What to work on
Transcribe everything in the listing below exactly, except the pictures.

Provided data
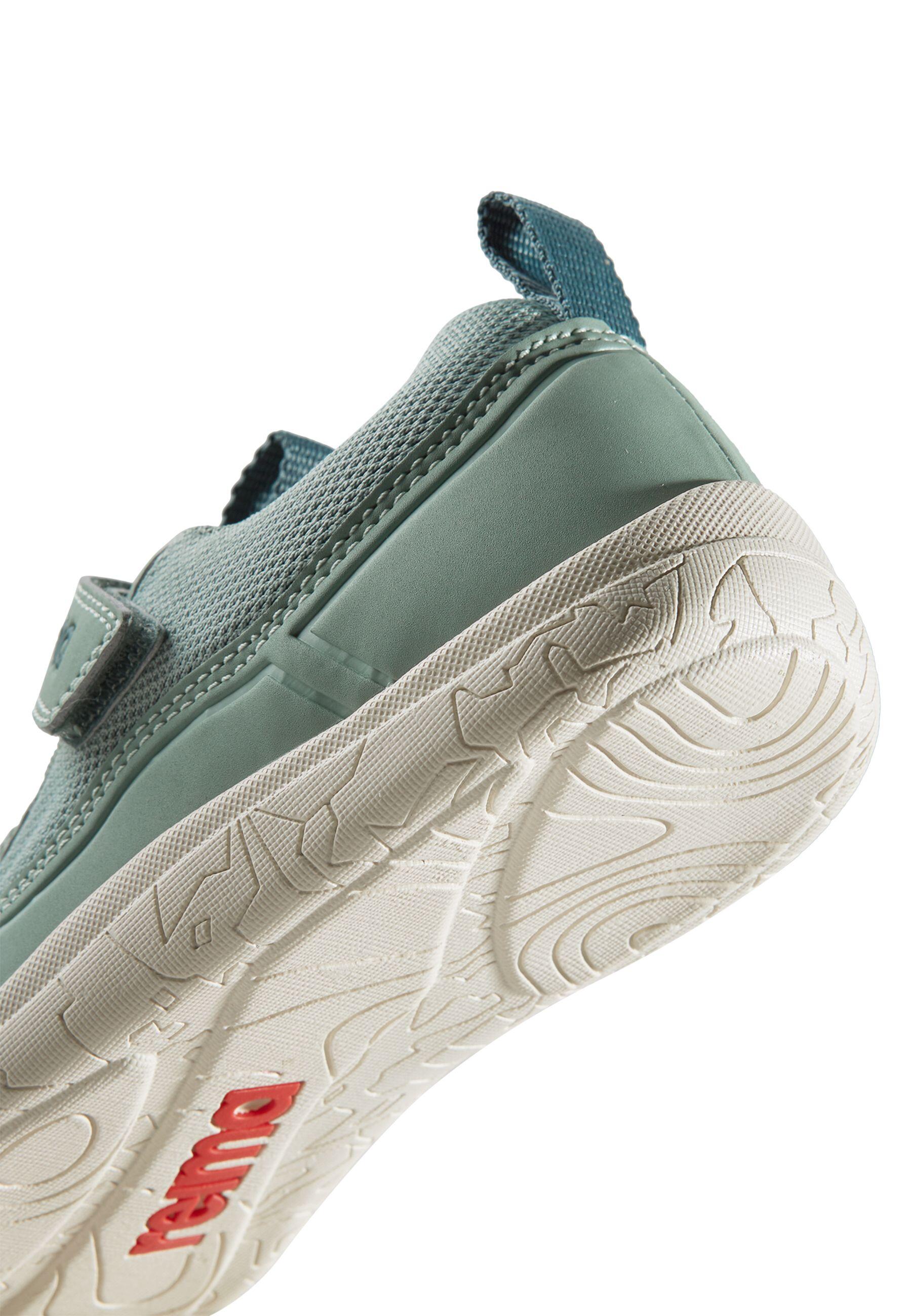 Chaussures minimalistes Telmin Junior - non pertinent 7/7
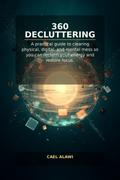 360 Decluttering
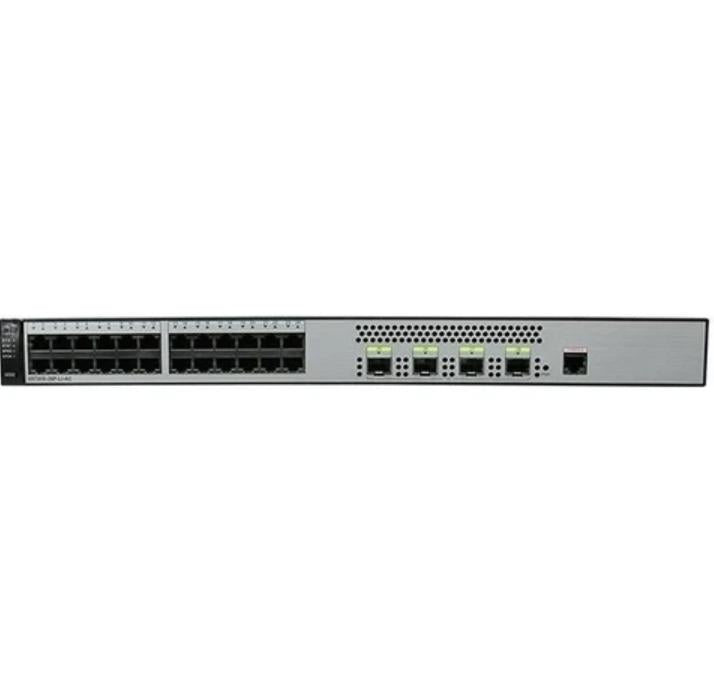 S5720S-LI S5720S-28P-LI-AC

Output for this exercise
 Chaussures minimalistes Telmin Junior - non pertinent 7/7
 360 Decluttering
 S5720S-LI S5720S-28P-LI-AC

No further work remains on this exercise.